• **Data records**
..........

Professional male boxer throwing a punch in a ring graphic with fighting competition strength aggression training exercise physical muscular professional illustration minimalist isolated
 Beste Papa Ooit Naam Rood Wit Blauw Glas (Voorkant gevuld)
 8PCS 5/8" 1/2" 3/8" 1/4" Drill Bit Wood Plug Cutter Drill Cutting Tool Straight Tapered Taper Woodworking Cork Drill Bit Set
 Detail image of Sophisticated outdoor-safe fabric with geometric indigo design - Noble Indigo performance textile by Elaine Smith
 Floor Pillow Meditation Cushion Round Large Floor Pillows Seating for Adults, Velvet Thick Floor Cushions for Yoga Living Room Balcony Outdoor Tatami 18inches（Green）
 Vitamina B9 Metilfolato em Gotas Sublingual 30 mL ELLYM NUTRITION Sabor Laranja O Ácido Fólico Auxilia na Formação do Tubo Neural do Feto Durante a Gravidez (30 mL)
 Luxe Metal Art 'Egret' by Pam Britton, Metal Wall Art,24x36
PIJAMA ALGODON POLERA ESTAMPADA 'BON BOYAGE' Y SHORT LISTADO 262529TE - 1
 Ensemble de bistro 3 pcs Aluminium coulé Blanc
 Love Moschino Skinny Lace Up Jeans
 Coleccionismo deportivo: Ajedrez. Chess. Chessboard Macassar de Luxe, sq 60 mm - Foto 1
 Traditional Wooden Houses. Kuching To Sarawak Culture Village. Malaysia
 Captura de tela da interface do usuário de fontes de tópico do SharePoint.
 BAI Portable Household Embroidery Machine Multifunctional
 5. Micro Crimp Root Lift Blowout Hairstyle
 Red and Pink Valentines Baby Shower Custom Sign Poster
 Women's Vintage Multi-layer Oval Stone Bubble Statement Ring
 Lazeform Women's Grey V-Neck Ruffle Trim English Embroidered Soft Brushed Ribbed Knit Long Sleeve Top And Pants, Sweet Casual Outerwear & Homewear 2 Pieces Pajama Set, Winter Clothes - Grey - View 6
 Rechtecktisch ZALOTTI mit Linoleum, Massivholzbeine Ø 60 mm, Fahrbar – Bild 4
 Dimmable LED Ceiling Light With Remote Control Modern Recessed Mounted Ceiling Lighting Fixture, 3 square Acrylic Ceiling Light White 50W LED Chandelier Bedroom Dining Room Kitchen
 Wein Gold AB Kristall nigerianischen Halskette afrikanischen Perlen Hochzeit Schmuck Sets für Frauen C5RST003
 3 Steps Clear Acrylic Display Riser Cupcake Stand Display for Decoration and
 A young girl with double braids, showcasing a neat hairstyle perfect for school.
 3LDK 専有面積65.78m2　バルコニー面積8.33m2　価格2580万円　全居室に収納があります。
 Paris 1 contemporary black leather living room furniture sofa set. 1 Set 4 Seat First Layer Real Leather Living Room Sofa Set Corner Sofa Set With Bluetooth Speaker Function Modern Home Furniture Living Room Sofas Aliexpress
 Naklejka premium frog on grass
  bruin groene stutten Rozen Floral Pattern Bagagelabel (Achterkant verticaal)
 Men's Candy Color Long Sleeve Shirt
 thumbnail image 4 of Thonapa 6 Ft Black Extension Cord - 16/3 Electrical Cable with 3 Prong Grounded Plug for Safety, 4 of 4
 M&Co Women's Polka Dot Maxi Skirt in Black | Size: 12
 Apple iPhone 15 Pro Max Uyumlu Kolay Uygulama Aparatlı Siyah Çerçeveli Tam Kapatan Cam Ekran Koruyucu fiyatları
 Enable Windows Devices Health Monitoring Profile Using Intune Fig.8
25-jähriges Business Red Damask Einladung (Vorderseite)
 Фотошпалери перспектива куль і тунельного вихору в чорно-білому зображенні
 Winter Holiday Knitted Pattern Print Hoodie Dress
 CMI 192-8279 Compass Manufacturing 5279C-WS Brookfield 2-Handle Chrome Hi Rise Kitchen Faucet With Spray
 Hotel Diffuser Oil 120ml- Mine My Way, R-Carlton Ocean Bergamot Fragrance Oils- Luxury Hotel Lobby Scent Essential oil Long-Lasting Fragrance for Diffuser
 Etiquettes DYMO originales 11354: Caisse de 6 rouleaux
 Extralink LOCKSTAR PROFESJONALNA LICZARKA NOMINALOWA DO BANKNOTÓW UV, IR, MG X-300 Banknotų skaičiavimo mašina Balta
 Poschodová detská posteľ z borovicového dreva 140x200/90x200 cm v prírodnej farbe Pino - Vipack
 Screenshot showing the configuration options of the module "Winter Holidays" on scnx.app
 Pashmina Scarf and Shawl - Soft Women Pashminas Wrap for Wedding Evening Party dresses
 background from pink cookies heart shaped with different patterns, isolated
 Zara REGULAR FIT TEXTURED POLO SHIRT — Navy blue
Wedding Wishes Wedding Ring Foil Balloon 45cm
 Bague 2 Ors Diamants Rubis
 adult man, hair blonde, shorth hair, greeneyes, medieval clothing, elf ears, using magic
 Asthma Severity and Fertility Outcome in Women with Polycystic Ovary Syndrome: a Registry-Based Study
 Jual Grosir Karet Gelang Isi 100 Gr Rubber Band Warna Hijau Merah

..........

• **WORK ITEM**
Exactly as given, repeat every record above.

• **FINISHED TASK**
Professional male boxer throwing a punch in a ring graphic with fighting competition strength aggression training exercise physical muscular professional illustration minimalist isolated
 Beste Papa Ooit Naam Rood Wit Blauw Glas (Voorkant gevuld)
 8PCS 5/8" 1/2" 3/8" 1/4" Drill Bit Wood Plug Cutter Drill Cutting Tool Straight Tapered Taper Woodworking Cork Drill Bit Set
 Detail image of Sophisticated outdoor-safe fabric with geometric indigo design - Noble Indigo performance textile by Elaine Smith
 Floor Pillow Meditation Cushion Round Large Floor Pillows Seating for Adults, Velvet Thick Floor Cushions for Yoga Living Room Balcony Outdoor Tatami 18inches（Green）
 Vitamina B9 Metilfolato em Gotas Sublingual 30 mL ELLYM NUTRITION Sabor Laranja O Ácido Fólico Auxilia na Formação do Tubo Neural do Feto Durante a Gravidez (30 mL)
 Luxe Metal Art 'Egret' by Pam Britton, Metal Wall Art,24x36
PIJAMA ALGODON POLERA ESTAMPADA 'BON BOYAGE' Y SHORT LISTADO 262529TE - 1
 Ensemble de bistro 3 pcs Aluminium coulé Blanc
 Love Moschino Skinny Lace Up Jeans
 Coleccionismo deportivo: Ajedrez. Chess. Chessboard Macassar de Luxe, sq 60 mm - Foto 1
 Traditional Wooden Houses. Kuching To Sarawak Culture Village. Malaysia
 Captura de tela da interface do usuário de fontes de tópico do SharePoint.
 BAI Portable Household Embroidery Machine Multifunctional
 5. Micro Crimp Root Lift Blowout Hairstyle
 Red and Pink Valentines Baby Shower Custom Sign Poster
 Women's Vintage Multi-layer Oval Stone Bubble Statement Ring
 Lazeform Women's Grey V-Neck Ruffle Trim English Embroidered Soft Brushed Ribbed Knit Long Sleeve Top And Pants, Sweet Casual Outerwear & Homewear 2 Pieces Pajama Set, Winter Clothes - Grey - View 6
 Rechtecktisch ZALOTTI mit Linoleum, Massivholzbeine Ø 60 mm, Fahrbar – Bild 4
 Dimmable LED Ceiling Light With Remote Control Modern Recessed Mounted Ceiling Lighting Fixture, 3 square Acrylic Ceiling Light White 50W LED Chandelier Bedroom Dining Room Kitchen
 Wein Gold AB Kristall nigerianischen Halskette afrikanischen Perlen Hochzeit Schmuck Sets für Frauen C5RST003
 3 Steps Clear Acrylic Display Riser Cupcake Stand Display for Decoration and
 A young girl with double braids, showcasing a neat hairstyle perfect for school.
 3LDK 専有面積65.78m2　バルコニー面積8.33m2　価格2580万円　全居室に収納があります。
 Paris 1 contemporary black leather living room furniture sofa set. 1 Set 4 Seat First Layer Real Leather Living Room Sofa Set Corner Sofa Set With Bluetooth Speaker Function Modern Home Furniture Living Room Sofas Aliexpress
 Naklejka premium frog on grass
  bruin groene stutten Rozen Floral Pattern Bagagelabel (Achterkant verticaal)
 Men's Candy Color Long Sleeve Shirt
 thumbnail image 4 of Thonapa 6 Ft Black Extension Cord - 16/3 Electrical Cable with 3 Prong Grounded Plug for Safety, 4 of 4
 M&Co Women's Polka Dot Maxi Skirt in Black | Size: 12
 Apple iPhone 15 Pro Max Uyumlu Kolay Uygulama Aparatlı Siyah Çerçeveli Tam Kapatan Cam Ekran Koruyucu fiyatları
 Enable Windows Devices Health Monitoring Profile Using Intune Fig.8
25-jähriges Business Red Damask Einladung (Vorderseite)
 Фотошпалери перспектива куль і тунельного вихору в чорно-білому зображенні
 Winter Holiday Knitted Pattern Print Hoodie Dress
 CMI 192-8279 Compass Manufacturing 5279C-WS Brookfield 2-Handle Chrome Hi Rise Kitchen Faucet With Spray
 Hotel Diffuser Oil 120ml- Mine My Way, R-Carlton Ocean Bergamot Fragrance Oils- Luxury Hotel Lobby Scent Essential oil Long-Lasting Fragrance for Diffuser
 Etiquettes DYMO originales 11354: Caisse de 6 rouleaux
 Extralink LOCKSTAR PROFESJONALNA LICZARKA NOMINALOWA DO BANKNOTÓW UV, IR, MG X-300 Banknotų skaičiavimo mašina Balta
 Poschodová detská posteľ z borovicového dreva 140x200/90x200 cm v prírodnej farbe Pino - Vipack
 Screenshot showing the configuration options of the module "Winter Holidays" on scnx.app
 Pashmina Scarf and Shawl - Soft Women Pashminas Wrap for Wedding Evening Party dresses
 background from pink cookies heart shaped with different patterns, isolated
 Zara REGULAR FIT TEXTURED POLO SHIRT — Navy blue
Wedding Wishes Wedding Ring Foil Balloon 45cm
 Bague 2 Ors Diamants Rubis
 adult man, hair blonde, shorth hair, greeneyes, medieval clothing, elf ears, using magic
 Asthma Severity and Fertility Outcome in Women with Polycystic Ovary Syndrome: a Registry-Based Study
 Jual Grosir Karet Gelang Isi 100 Gr Rubber Band Warna Hijau Merah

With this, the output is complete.